See also: IRC log
<trackbot> Date: 09 May 2014
<Kathy> https://www.w3.org/WAI/GL/mobile-a11y-tf/wiki/Scribe_List
<scribe> scribe: Kim_Patch
<Kathy> https://www.w3.org/WAI/GL/mobile-a11y-tf/wiki/Technique_Development_Assignments
<Kathy> https://www.w3.org/WAI/GL/mobile-a11y-tf/wiki/Technique_Development_Assignments
Kathy: based on everyone's notes
as they went through the techniques – anything that said we
needed to have any modification to the technique or it was
something that we needed to modify in any way I put into this
list
... this is a list of everything and I put links so you can
click on the number to see what it was that we wanted to make
modifications for
... review this list at a high level, identify anything that is
missing or if you have comments about things that are in here
or things that are not in here – we will start that
discussion
... the new mobile techniques that are in there now are based
on the BBC gap analysis that Jan did – some might be advisory
or best practice
... also new mobile techniques and responsive design
brainstorm, we need to go through those and see if there are
any techniques that need to be added
... the goal is to have a detailed set of techniques that need
to be modified and that need to be written. Then we will start
assigning those out for people to work on
... and we will coordinate that with other groups who are
working on techniques, and monitor closely any new techniques
WCAG is working on now, for example responsive design
... are there any that aren't in here the you expected or
anything else you would like to see
Kathleen: Silverlight is not in there because it's not supported
Kathy: I'm also going to create another list of techniques that don't apply to mobile web, there are a few
<Detlev> no, unfortunately...
<gavinevans> not yet sorry
Kathy: it's really important that
we start looking through this now that we have it all on one
page, if you could take some time over the next week to really
look through this list and identify anything that you disagree
with or that you have comments about
... I will create a survey to collect all the comments for
this
... another thing we have to talk about is how we are going to
handle keyboard access and what's going to be our approach to
that in the techniques. So as you are going through these over
the next week – make sure to think about how we are going to
address think specific to how users are interacting with
content
Detlev: list assignments – doesn't seem to refer to the other wiki page where people went through techniques and commented on them – that would be useful
Kathy: you can get to all of the
comments by clicking on, for instance, G4
... Most of them are linked, I was also going to link the
original technique to the link page – haven't done that
yet
... these are really working pages, click on, for instance, G4
to add comments
... tables aren't easy to edit, if we just have a couple of
people editing tables that's better– discussion pages for each
of techniques
... this will be the landing page where you can get to all the
other information
Jan: any contact with BBC folks so we don't have to redo that work?

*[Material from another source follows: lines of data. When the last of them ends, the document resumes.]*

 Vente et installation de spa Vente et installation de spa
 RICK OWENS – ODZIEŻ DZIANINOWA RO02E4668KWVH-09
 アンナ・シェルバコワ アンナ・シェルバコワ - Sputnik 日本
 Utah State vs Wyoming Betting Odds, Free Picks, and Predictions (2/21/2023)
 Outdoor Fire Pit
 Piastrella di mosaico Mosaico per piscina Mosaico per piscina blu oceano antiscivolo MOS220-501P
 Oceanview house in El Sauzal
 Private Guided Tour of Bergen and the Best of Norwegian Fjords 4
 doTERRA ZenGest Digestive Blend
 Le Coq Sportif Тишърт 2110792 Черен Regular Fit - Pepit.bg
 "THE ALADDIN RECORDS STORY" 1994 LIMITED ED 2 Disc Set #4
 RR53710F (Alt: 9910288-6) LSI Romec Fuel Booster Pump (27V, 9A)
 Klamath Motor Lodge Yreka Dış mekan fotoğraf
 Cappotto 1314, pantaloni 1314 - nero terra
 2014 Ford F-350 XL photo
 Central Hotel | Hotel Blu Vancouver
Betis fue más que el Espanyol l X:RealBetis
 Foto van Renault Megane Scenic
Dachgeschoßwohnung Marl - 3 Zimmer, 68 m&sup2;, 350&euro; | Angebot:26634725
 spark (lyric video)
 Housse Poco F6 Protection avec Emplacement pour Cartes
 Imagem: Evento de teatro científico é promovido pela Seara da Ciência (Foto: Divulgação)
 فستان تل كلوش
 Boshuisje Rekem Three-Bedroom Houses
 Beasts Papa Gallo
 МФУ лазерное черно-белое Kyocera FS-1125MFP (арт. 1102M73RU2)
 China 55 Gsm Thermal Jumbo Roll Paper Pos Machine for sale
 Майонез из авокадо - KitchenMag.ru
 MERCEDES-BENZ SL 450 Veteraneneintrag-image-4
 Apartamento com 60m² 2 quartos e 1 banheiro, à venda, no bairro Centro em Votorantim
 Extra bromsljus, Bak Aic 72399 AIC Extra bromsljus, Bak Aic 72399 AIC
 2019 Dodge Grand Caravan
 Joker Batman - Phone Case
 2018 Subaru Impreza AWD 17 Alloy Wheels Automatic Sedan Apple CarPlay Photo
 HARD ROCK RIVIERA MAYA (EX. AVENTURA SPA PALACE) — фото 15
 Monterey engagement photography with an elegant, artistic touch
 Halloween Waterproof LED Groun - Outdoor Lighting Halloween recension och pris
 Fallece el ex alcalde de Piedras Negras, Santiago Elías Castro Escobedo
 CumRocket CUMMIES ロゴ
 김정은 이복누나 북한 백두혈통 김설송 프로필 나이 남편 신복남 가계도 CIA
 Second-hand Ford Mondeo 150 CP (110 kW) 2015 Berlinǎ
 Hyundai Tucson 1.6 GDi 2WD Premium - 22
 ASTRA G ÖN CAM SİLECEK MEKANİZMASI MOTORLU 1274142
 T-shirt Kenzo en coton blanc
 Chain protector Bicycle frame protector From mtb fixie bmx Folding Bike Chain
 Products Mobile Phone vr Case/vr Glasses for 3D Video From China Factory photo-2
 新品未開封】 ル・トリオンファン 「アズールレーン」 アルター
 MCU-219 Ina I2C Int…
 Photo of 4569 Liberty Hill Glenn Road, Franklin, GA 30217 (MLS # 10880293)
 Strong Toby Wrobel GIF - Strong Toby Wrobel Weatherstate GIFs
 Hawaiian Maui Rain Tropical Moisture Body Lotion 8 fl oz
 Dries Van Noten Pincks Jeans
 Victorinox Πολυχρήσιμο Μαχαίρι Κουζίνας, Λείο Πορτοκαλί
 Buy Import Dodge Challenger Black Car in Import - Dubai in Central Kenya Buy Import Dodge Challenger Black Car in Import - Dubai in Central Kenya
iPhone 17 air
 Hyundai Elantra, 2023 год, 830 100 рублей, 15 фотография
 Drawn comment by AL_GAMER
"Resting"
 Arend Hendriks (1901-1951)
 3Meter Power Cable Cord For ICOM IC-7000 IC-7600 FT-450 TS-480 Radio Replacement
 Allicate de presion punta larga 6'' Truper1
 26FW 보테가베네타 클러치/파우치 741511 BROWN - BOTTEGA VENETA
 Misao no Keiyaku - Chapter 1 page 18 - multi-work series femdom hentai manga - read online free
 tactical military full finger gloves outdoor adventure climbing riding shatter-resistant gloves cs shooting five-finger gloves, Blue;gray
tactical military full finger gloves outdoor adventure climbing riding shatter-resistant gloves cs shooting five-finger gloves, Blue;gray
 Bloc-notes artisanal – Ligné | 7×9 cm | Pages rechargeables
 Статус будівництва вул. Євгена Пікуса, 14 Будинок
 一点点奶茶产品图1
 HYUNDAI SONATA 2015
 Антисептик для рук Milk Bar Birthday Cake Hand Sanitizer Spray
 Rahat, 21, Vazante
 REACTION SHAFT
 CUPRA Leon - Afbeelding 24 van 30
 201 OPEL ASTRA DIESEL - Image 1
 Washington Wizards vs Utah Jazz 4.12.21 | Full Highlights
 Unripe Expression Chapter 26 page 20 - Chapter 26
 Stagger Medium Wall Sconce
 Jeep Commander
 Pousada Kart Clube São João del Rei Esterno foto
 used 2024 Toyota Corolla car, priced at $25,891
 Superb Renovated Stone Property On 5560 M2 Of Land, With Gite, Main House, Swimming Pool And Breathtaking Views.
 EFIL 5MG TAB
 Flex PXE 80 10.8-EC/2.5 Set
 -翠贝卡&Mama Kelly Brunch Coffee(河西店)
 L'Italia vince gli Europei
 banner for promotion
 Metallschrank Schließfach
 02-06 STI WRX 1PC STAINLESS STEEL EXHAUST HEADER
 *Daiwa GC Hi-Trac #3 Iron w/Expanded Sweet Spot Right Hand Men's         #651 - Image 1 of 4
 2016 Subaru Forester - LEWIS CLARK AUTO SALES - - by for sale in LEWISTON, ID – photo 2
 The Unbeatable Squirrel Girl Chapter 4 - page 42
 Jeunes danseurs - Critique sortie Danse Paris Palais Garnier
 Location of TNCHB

Kathy: I'm going to talk to Judy
Kathleen: volunteering to make the original column links, will have done by Monday morning
:-)
Jon: does user agents and webpages cover everything – some just say webpages, would we have to change them to webpages and something else?
Kathy: whole discussion about what are we going to do with mobile apps. Right now this list is specific to mobile web. We have to figure out what we are going to do with mobile apps, especially hybrid.
Jon: non-web documents and software – not sure if we want to use that term
Kathy: applications are software.
There's a lot of work done on WCAG to ITC. We have to evaluate
and figure out what we are going to do. Do we think we should
focus on the mobile web stuff first, which is primarily this
list and then go back and look at applications, or should we
finalize this list and then look at the overlap
... how to approach techniques for mobile apps versus mobile
web. Obviously mobile web is easier because it will more
closely maps to the language in WCAG
Jan: we need to have a placeholder. I like how the BBC does it which is this is how you do it in HTML, android, iOS. We need that top-level decision whether we are going to include code examples for iOS and android. If that is off the table that it's very hard to provide actual techniques.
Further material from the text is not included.